Einschränkend muss berücksichtigt werden, dass es sich bei der beschriebenen Studie um eine sehr kleine Stichprobe handelt. Da der Fokus bewusst auf Personen mit eher hohem Problembewusstsein gelegt wurde, ist eine Generalisierbarkeit der Ergebnisse ebenfalls sehr schwierig. Außerdem ist davon auszugehen, dass die Versuchssituation an sich das Bewusstsein für verschiedene Einflussfaktoren erhöht hat und unter normalen Umständen deutlich mehr unbewusste Kaufentscheidungen getroffen werden.

Was tun? Ableitung von Empfehlungen

Die vorangegangenen Ausführungen legen nahe, dass eine ohnehin komplexe Konsumsituation durch Aspekte der Nachhaltigkeit zusätzlich verkompliziert wird – und nachhaltige Entscheidungen dadurch weniger wahrscheinlich werden. Wo können wir also ansetzen, um nachhaltige Konsumentscheidungen zu fördern?

Die Kaufentscheidung unbewusst beeinflussen

In der Kaufsituation kann zunächst auf Maßnahmen zurückgegriffen werden, welche auch unter den Begriffen Choice Architecture - oder Nudging bekannt sind (Hollands et al., 2013). Der Grundgedanke dabei ist, Konsumentscheidungen nicht über Verbote oder ökonomische Anreize zu beeinflussen, sondern VerbraucherInnen unbewusst „anzustupsen“ (Engl. to nudge). Dies kann beispielsweise durch die Veränderung der Eigenschaften eines Produktes (z. B. Gestaltung der Verpackung), die Platzierung im Laden (z. B. Nähe zur Kasse) oder weitere Veränderungen in der Einkaufssituation (z. B. Markierungen am Boden, Veränderungen der Beleuchtung) erfolgen.
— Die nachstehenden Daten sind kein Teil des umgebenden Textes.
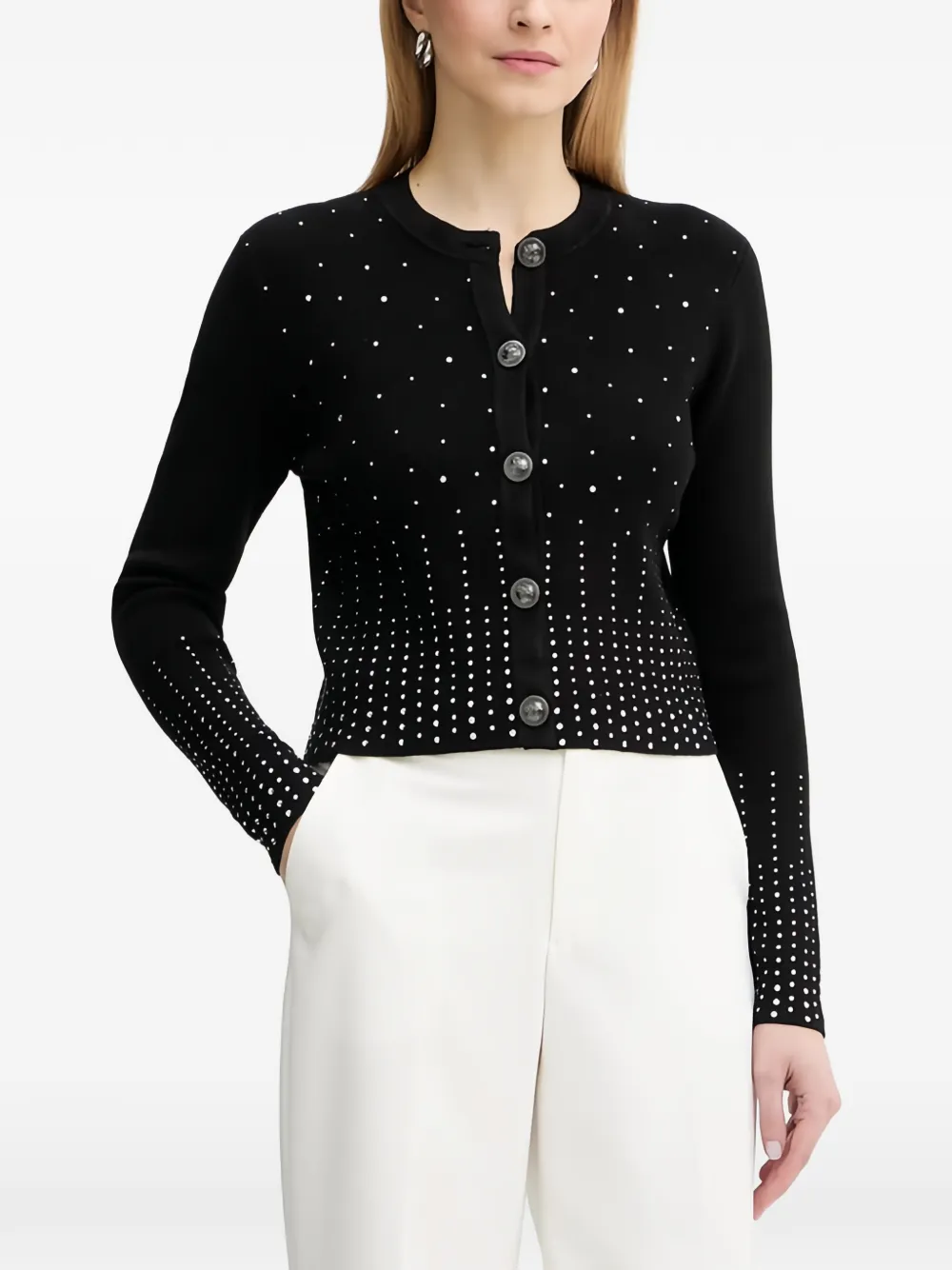 GUESS USA crystal-embellished cardigan - Black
Eine übergreifende Kennzeichnung schaffen

Überdies erscheint es aus einer Perspektive der politischen Steuerung sinnvoll, verschiedene Aspekte von Nachhaltigkeit in einer übergreifenden, gemeinsamen Kennzeichnung zu integrieren. Dazu könnte z. B. ein Ampelsystem ähnlich der Ernährungsampel eingesetzt werden. Hier würden unterschiedliche Aspekte von Nachhaltigkeit (z. B. Herstellung, Transportwege, Inhaltsstoffe) verrechnet und anhand eines einfachen Farbschemas für VerbraucherInnen auf einen Blick dargestellt. Die zentrale Herausforderung dabei ist es, einen guten Mittelweg zwischen ausreichender Information für KonsumentInnen und der Reduktion von Komplexität zu finden, damit einerseits eine Flut an Informationen zwar vermieden wird, andererseits die KonsumentInnen aber das Gefühl haben, ihre Entscheidung ausreichend fundiert treffen zu können. Da das Problembewusstsein für Nachhaltigkeit bei verschiedenen KonsumentInnen unterschiedlich stark ausgeprägt ist, kann es daher sinnvoll sein, ein mehrstufiges Informationsangebot zu schaffen. Interessierte KonsumentInnen hätten so die Möglichkeit, sich ausgehend von einer niedrigschwelligen Ampelkennzeichnung weitergehend zu informieren - etwa über einen QR-Code auf dem Produkt oder ein dazu passendes Informationsangebot im Laden per Aushang oder Tablet.

Das Angebot einschränken

Neben Ansätzen, die KonsumentInnen bei ihrer freiwilligen Kaufentscheidung unterstützen oder beeinflussen sollen, kann sich Steuerung auch auf das Angebot beziehen. Mit dem Verbot einiger Einweg-Plastik-Produkte hat die Europäische Union beispielsweise nicht-nachhaltige Optionen vom Markt genommen. Die Komplexität wird hier also durch Verbote für bestimmte Produkte, für die es eine nachhaltige Alternative auf dem Markt gibt, reduziert.

Eine Kombination dieser verschiedenen Maßnahmen erscheint je nach Produktgruppe sinnvoll. Gleichzeitig sollte das unterschiedliche Problembewusstsein der KonsumentInnen berücksichtigt werden: Bei geringem Problembewusstsein kann es notwendig sein, die Komplexität zunächst zu erhöhen, um beispielsweise vernachlässigte Aspekte von Nachhaltigkeit (wie Regionalität, Saisonalität, Herstellungsbedingungen oder soziale Aspekte) deutlich zu machen. Die bewusste Auswahl und Kombination der dargestellten Maßnahmen kann so für ein sinnvolles Maß an konzeptueller Komplexität sorgen, welches die wahrgenommene Komplexität für KonsumentInnen ausreichend reduziert und damit nachhaltige Konsumentscheidungen langfristig fördert.